-- SOURCE MATERIAL follows --
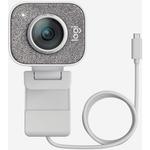 Веб-камера Logitech StreamCam Full HD Webcam (White) 960-001289 - фото 2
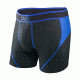 Kinetic Boxer - Mens-Black/Cobalt-Medium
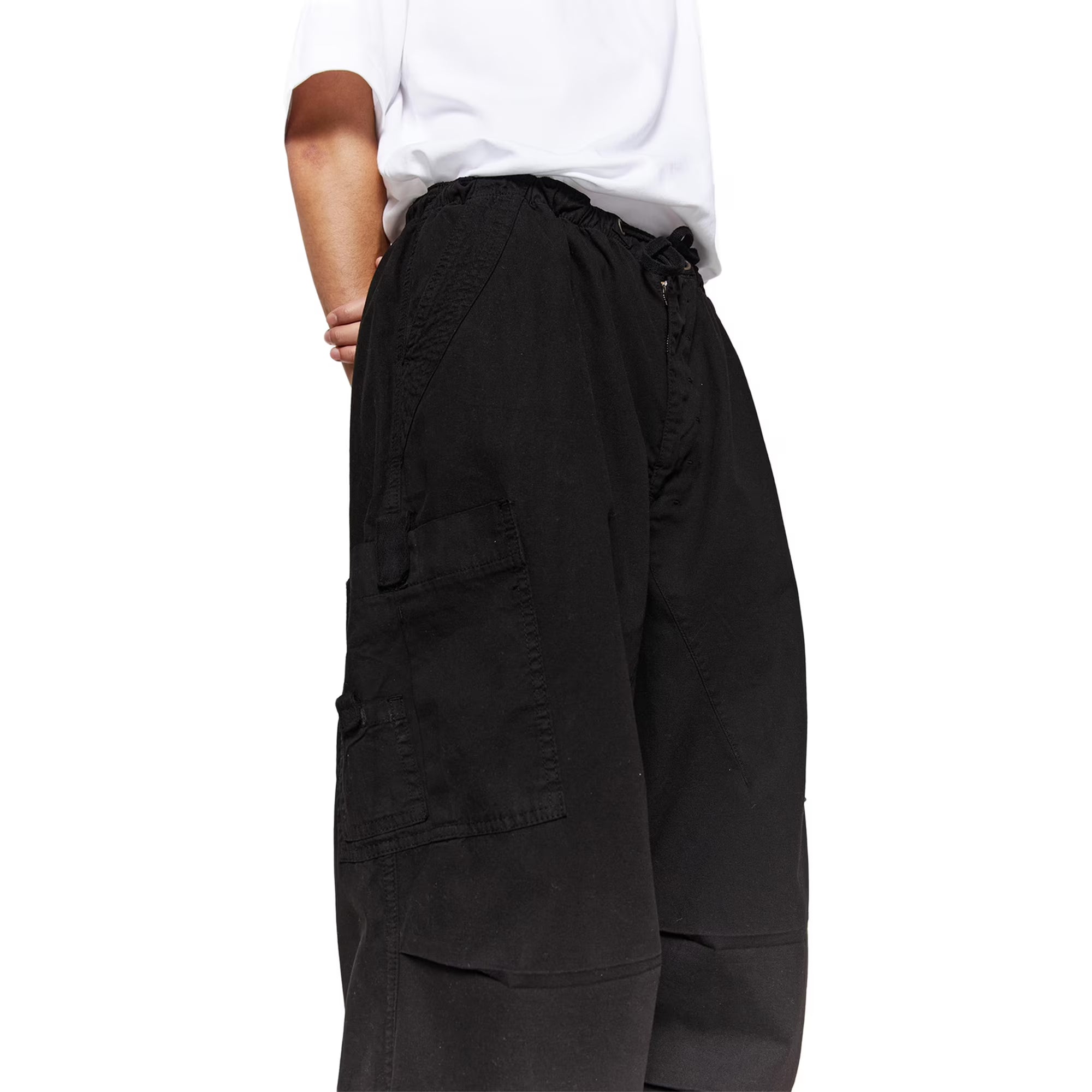 Baggy Wide Leg Cargo Pants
-- SOURCE MATERIAL concluded --
## ABOUT THIS TASK
Pictures aside, reproduce exactly the lines from the one containing "Kinetic Boxer - Mens-Black/Cobalt-Medium" to the end of the listing above, both ends included.

## TASK ANSWER
 Kinetic Boxer - Mens-Black/Cobalt-Medium
 Baggy Wide Leg Cargo Pants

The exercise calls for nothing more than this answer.